And that’s my last four months in a nutshell. Is it all HR related? Nope. But it’s human related and that’s what matters to me.

My Five Year Woriversary

Five years (and one day) ago, I walked into the doors of a medium-sized credit union as the newest person of their HR team. And, oooh, boy. What. A. Ride.

I wasn’t looking for work when I applied to work where I’m at right now. I had s job. It paid the bills. I was good at it. It was comfortable. And part of that job was finding people to do customer service people for the call centers of that medium-sized credit union.

They were so obsessive about what they wanted in candidates and it was killing me. The candidates needed to really get what it meant to go above and beyond with customers and how to really get to know them, but it was totally cool if they didn’t have any experience.

The whole role, I kept hearing about the “culture” at this credit union and I had no idea what that meant because where I was working didn’t know what that really meant either. And whether it was fate or luck or pure randomness, one night I got an Indeed alert that they’d posted a job in their HR department. I thought about it for 12 seconds, updates my severely neglected resume, and applied.

I got a call on my birthday to schedule a phone interview and that whole culture thing started making itself incredibly evident during the entire interview process and I REALLY WANTED TO WORK THERE!

And here I am five years later.

I’ve learned a lot. My leader asked last Friday about some of my best moments here. At the very top of the list was being on stage in front of the entire (now large-sized) company when someone from my team got to announce that we were rolling out a six week paid parental leave. And it’s also anytime a leader calls me ready to offer a job to someone I’ve told them they’re gonna love or another leader wants to tell me that they’ve been working with one of their employees on something and they can see it start to click. Those are the best. Those are my jam. Those are why I <3 HR so much.

This company, the people I work with and the people that lead me have been incredible guides for the past five years in my growth every day, both professionally and personally. I feel like I got a pretty good deal with this job!

Here’s to five more!

What I Learned from the Super Bowl 52 Halftime Show: Part 1

Hold on. This isn’t about the quality of Justin Timberlake’s dance moves during the snippet of “SexyBack” (yeah!) or how the show would have been SO much better with an N*SYNC reunion. Give me a couple of paragraphs worth of time to explain this.

One night, in a bout of typical insomnia, I noticed one of the local Minnesota news stations asking for people to sign up to work during the Super Bowl Halftime Show since it was hosted in Minneapolis. Because it was 3am and I was lacking sleep, I signed up. I assumed there would be 6,000,727 other people that did the same.

Two days later, I got an email congratulating me for being selected as a Field Team Member for the Halftime Show. I had no idea what that meant or what I’d be doing, but OKAY LET’S DO THIS. That was in early December.

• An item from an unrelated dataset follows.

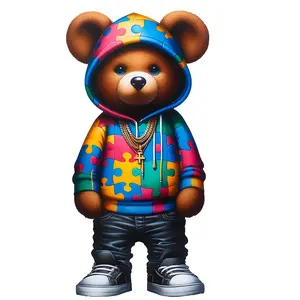 5-Pack or 10-Pack Autism Puzzle Bear DTF Heat Transfer DIY TShirt Printing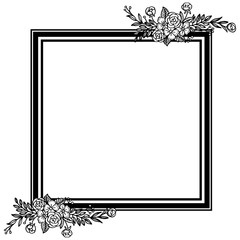 Vector illustration greeting card with design beautiful flower frame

We had our orientation in mid-January at a church that was being used as a hub for a lot of training, located right in the middle of the chaos that was being built up in downtown Minneapolis during that time. Roads were closed. It was cold. Parking garages were taken over by weird equipment. There were gigantic tents built in empty parking lots. I was whiny and told my wife, who I was leaving at home with our three year old and two week old, that if orientation was dumb, I wasn’t going to do it.

This is what it looked like while we waited. It’s pretty top secret:

After about 400 people checked in to this optional orientation, we started by watching the Lady Gaga Super Bowl Halftime show. It’s worth sharing.

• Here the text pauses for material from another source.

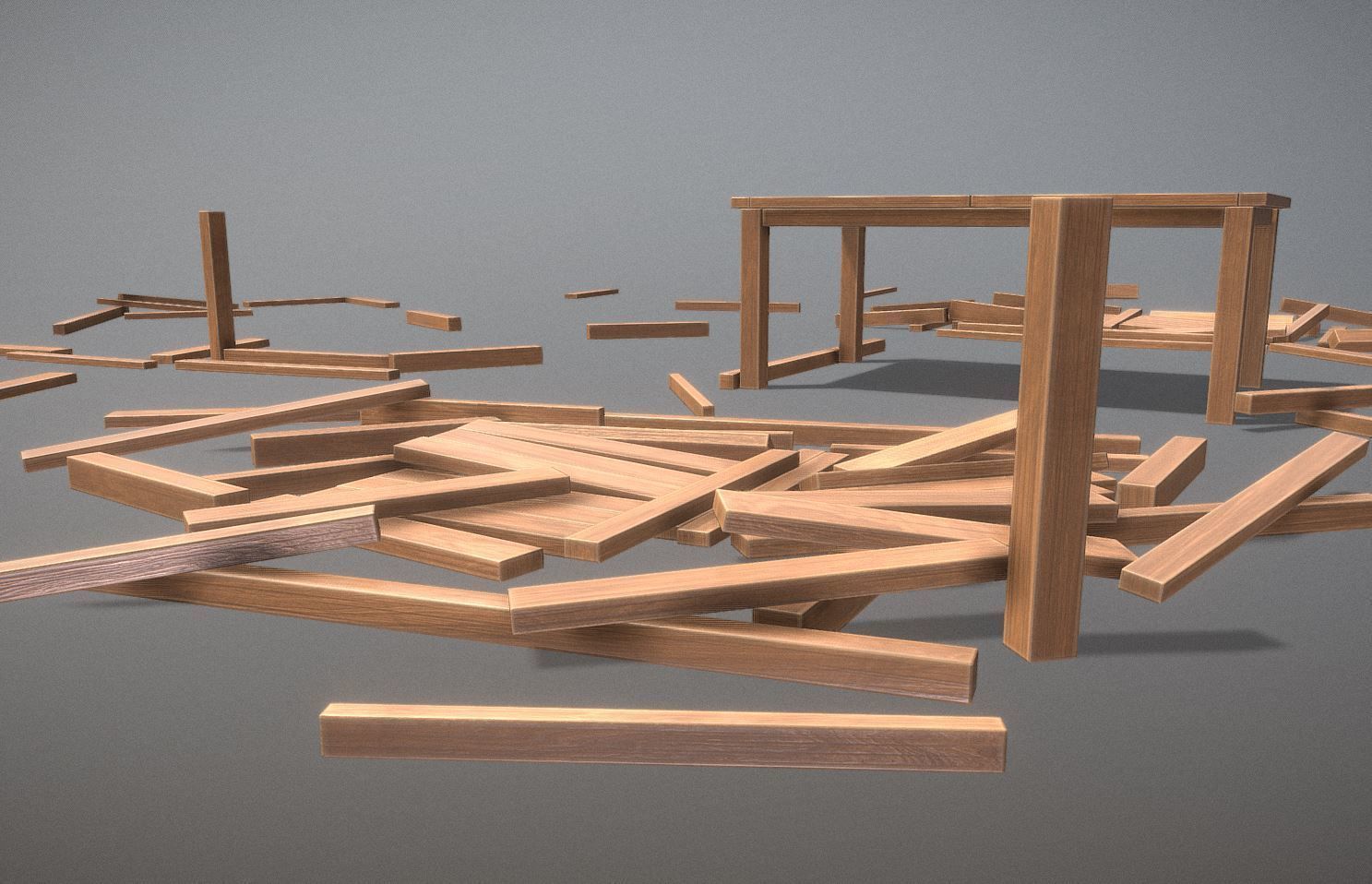 Rectangular Wood Table with Destruction Animations Low-poly 3D model_15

Then we’re introduced to a guy named Cap Spence. Bookmark this link to read about him sometime. I wish everyone could work for a Cap Spence at some point in their life. He has stories and, man, does he have stories.

For 1.5 hours, Cap made sure we were clear about our expectations in being a Field Team Member. We would be putting together the stage for the halftime show. AWESOME. We would not be watching any football of any kind during the Super Bowl, nor would we be standing around watching a Justin Timberlake concert. We especially would not be playing “grab ass” with JT. Cap’s words, not mine.

I wanted to live tweet the whole thing. I decided it’d probably be a bad idea to do that once Cap told us all we “need to quit nursing at the digital nipple” and be completely present in rehearsals. Made sense to me.

What did I learn from the Staging Supervisor for the past 17 Super Bowl Halftime shows?

I learned I had to trust that he knew what he was doing. There were 21 carts full of stage parts that were going to need to be put together in less than six minutes and he was going to show 500 volunteers with zero experience how to do it with six rehearsals. Completely out of my control.

I needed to only focus on my job for those six rehearsals and trust that everyone else was doing the same thing. It worked for Lady Gaga in 2017, for Katy Perry and Left Shark in 2015 and for Prince and his amazing stage in 2007. Somehow, it’ll just work.

On the train ride home, I unequivocally knew it was going to be awesome.